## DESCRIPTION OF THE TASK
Below are entries; copy exactly the lines from the one with "Cook putting some" through the one with "A refined contemporary", both included, and leave out the rest.

## RECORDS SUPPLIED

== Segment start ==

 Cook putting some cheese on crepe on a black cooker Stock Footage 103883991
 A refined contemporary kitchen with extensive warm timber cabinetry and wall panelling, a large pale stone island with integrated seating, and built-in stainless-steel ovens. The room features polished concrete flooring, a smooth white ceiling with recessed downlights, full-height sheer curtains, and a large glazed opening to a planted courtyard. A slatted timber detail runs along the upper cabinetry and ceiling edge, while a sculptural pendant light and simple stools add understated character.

== Segment end ==
== Segment start ==

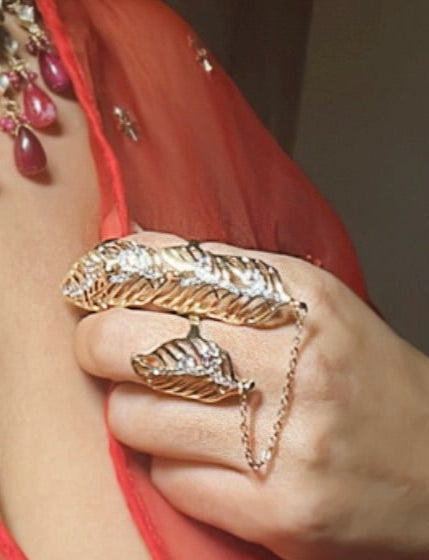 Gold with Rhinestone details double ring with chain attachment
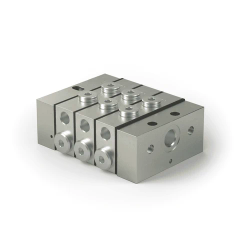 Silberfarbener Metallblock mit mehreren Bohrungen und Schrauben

== Segment end ==

## EXERCISE OUTPUT
 Cook putting some cheese on crepe on a black cooker Stock Footage 103883991
 A refined contemporary kitchen with extensive warm timber cabinetry and wall panelling, a large pale stone island with integrated seating, and built-in stainless-steel ovens. The room features polished concrete flooring, a smooth white ceiling with recessed downlights, full-height sheer curtains, and a large glazed opening to a planted courtyard. A slatted timber detail runs along the upper cabinetry and ceiling edge, while a sculptural pendant light and simple stools add understated character.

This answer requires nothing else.